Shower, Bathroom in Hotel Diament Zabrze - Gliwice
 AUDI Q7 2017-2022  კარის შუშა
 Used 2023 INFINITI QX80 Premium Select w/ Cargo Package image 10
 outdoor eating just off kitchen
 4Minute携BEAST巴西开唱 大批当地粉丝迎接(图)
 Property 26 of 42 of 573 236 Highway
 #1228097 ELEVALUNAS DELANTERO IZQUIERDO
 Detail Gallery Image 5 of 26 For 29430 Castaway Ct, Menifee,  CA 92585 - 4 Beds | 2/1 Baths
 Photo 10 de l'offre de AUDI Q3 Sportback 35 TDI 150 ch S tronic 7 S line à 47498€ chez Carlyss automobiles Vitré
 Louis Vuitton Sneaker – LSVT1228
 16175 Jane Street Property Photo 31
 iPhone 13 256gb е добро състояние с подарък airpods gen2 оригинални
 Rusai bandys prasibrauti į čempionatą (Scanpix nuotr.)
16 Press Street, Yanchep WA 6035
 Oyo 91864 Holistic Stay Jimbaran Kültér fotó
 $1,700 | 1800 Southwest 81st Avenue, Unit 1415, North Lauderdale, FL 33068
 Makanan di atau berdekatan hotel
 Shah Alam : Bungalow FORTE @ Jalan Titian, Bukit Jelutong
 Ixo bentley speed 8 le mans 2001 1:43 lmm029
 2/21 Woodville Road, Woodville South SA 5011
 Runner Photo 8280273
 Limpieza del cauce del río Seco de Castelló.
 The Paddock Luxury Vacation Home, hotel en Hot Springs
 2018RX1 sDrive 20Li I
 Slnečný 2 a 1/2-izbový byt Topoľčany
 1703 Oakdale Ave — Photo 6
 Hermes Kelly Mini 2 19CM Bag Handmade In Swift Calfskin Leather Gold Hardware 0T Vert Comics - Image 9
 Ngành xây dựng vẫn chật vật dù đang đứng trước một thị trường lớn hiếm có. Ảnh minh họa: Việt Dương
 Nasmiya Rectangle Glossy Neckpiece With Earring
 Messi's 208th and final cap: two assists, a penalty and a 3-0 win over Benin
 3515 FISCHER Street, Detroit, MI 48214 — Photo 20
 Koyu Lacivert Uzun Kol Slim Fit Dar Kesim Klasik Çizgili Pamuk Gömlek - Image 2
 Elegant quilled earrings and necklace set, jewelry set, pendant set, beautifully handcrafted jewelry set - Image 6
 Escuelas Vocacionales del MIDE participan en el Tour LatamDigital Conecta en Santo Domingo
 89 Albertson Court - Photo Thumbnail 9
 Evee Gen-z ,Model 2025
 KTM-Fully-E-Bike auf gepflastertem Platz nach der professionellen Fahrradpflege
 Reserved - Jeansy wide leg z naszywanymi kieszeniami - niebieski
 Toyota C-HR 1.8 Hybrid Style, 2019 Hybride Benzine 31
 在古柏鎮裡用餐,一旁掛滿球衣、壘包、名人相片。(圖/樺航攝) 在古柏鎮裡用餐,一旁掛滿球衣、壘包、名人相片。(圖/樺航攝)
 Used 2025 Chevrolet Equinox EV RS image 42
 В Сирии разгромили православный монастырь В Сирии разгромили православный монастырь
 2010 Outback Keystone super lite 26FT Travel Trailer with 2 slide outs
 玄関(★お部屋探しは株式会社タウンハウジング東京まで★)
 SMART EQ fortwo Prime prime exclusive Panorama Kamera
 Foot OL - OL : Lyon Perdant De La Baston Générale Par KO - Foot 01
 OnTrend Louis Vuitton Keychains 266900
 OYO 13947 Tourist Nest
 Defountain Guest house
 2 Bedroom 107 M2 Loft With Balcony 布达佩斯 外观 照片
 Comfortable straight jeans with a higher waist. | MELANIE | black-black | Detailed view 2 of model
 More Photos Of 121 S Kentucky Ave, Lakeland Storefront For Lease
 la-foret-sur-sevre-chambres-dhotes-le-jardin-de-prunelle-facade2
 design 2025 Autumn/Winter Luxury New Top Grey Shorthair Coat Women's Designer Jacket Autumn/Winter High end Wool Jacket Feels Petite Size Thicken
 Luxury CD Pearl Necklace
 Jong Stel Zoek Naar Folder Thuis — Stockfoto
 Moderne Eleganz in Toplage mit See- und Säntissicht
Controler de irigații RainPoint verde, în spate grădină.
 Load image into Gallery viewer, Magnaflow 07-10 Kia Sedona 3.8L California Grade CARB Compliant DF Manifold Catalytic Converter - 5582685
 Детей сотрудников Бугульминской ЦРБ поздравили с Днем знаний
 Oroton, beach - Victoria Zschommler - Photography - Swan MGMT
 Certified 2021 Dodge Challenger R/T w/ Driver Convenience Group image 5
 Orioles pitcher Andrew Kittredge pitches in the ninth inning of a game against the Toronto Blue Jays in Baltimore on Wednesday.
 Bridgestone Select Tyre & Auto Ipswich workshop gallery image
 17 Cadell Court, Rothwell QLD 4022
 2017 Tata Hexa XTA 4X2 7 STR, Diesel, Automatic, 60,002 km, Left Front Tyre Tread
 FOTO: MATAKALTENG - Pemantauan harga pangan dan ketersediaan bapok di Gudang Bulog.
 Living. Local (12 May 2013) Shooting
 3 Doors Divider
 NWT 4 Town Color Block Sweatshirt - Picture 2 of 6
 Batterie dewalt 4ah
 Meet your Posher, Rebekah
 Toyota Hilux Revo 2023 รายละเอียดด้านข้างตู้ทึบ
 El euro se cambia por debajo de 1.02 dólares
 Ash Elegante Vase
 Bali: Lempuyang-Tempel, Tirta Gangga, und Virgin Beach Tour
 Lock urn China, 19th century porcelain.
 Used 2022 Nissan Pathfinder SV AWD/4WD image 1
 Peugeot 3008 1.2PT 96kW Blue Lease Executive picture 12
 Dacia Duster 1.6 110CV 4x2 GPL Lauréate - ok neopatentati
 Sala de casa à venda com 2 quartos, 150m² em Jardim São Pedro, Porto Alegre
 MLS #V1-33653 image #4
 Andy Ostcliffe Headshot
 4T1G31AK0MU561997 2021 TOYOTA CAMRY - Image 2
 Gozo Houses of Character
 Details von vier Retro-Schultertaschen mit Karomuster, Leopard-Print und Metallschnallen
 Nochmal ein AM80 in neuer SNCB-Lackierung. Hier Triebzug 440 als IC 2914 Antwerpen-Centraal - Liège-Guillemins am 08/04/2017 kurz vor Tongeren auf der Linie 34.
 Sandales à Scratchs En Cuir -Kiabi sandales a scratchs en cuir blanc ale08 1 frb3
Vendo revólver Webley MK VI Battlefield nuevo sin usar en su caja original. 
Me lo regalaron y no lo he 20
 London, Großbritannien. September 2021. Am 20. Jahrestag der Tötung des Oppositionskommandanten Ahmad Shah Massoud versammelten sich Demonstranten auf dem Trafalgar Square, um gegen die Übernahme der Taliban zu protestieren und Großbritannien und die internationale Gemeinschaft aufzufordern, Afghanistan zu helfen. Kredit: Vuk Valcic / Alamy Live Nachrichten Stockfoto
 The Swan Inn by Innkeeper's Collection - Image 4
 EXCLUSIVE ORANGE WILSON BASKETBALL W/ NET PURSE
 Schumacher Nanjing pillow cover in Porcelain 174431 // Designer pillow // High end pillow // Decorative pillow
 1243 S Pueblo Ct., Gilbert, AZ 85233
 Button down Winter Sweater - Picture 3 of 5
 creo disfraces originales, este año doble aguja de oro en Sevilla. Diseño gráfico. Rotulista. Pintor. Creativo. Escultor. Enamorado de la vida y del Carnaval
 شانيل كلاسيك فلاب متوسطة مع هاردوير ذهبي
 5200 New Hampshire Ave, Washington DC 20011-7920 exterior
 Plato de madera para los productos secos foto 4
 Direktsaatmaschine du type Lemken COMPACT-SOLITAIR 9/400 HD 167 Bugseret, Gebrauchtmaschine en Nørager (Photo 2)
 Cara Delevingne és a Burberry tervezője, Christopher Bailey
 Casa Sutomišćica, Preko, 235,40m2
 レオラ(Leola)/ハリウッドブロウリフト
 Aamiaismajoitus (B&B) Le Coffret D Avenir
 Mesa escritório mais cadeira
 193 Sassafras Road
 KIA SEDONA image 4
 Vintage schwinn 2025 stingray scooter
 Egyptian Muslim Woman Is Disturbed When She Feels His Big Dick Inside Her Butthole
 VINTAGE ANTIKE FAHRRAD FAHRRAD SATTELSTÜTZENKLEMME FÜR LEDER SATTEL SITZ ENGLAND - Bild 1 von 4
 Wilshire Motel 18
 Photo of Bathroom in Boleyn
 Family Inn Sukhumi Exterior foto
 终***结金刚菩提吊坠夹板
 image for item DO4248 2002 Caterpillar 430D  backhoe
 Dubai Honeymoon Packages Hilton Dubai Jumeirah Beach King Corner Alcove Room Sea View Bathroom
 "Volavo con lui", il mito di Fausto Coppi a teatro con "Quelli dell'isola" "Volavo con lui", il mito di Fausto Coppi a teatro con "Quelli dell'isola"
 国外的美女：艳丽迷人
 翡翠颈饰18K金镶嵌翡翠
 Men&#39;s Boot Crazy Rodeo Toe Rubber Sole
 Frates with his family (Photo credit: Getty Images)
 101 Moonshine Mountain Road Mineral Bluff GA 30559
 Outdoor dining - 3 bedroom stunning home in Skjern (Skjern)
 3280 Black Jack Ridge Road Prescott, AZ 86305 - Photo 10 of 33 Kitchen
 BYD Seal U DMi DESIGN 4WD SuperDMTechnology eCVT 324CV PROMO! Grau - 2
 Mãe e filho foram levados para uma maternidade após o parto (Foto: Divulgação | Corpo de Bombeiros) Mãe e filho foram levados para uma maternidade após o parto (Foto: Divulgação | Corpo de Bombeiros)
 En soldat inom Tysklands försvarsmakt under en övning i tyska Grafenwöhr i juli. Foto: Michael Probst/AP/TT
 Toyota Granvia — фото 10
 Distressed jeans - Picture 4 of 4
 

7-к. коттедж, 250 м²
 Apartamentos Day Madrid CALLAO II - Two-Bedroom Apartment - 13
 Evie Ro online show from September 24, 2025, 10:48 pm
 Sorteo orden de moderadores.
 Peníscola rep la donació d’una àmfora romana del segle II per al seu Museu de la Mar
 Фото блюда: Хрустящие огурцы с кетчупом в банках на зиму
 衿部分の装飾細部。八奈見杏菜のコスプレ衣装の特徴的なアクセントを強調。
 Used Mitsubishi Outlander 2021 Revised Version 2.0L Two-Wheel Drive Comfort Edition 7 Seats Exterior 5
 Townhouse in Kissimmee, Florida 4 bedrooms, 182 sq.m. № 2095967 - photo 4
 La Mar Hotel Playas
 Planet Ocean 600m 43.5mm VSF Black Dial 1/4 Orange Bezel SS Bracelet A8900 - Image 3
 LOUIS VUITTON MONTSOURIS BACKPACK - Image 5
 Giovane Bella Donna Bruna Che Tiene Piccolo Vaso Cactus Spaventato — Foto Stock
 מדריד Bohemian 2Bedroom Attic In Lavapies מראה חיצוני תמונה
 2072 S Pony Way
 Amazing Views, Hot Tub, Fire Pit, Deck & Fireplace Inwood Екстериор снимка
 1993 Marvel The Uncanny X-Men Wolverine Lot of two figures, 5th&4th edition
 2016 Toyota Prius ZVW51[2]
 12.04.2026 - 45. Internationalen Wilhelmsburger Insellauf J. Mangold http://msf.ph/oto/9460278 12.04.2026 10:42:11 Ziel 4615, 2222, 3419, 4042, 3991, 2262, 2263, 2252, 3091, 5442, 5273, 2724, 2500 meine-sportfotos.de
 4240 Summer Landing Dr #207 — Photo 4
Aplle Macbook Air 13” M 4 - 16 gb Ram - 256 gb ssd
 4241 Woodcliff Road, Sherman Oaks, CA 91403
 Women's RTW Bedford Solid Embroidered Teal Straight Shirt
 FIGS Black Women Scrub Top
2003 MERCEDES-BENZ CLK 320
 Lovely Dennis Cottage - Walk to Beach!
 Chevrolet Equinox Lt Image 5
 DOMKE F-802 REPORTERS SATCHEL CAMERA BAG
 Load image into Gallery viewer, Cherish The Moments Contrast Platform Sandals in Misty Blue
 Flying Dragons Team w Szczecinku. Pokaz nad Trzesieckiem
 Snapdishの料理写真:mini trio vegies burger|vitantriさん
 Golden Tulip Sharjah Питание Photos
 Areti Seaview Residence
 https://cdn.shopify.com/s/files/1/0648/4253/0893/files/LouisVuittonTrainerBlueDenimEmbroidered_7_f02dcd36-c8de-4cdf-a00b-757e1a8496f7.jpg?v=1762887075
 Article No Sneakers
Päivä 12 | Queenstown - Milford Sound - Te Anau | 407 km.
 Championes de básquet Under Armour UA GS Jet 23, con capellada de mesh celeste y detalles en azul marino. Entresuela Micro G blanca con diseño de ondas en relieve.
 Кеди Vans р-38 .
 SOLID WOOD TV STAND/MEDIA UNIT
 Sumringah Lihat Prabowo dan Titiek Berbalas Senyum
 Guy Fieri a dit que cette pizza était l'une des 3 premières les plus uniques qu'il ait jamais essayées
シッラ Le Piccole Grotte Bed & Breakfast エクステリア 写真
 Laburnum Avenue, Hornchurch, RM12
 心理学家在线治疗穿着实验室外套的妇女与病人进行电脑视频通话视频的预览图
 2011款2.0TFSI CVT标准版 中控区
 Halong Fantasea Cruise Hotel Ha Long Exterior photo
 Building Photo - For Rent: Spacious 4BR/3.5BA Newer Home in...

━━━━━━━━━━

** Task directions **
Within the data above, the lines from the one with "Koyu Lacivert Uzun" to the one with "Reserved - Jeansy" must be repeated exactly; no other line belongs in the answer.

** Task answer **
 Koyu Lacivert Uzun Kol Slim Fit Dar Kesim Klasik Çizgili Pamuk Gömlek - Image 2
 Elegant quilled earrings and necklace set, jewelry set, pendant set, beautifully handcrafted jewelry set - Image 6
 Escuelas Vocacionales del MIDE participan en el Tour LatamDigital Conecta en Santo Domingo
 89 Albertson Court - Photo Thumbnail 9
 Evee Gen-z ,Model 2025
 KTM-Fully-E-Bike auf gepflastertem Platz nach der professionellen Fahrradpflege
 Reserved - Jeansy wide leg z naszywanymi kieszeniami - niebieski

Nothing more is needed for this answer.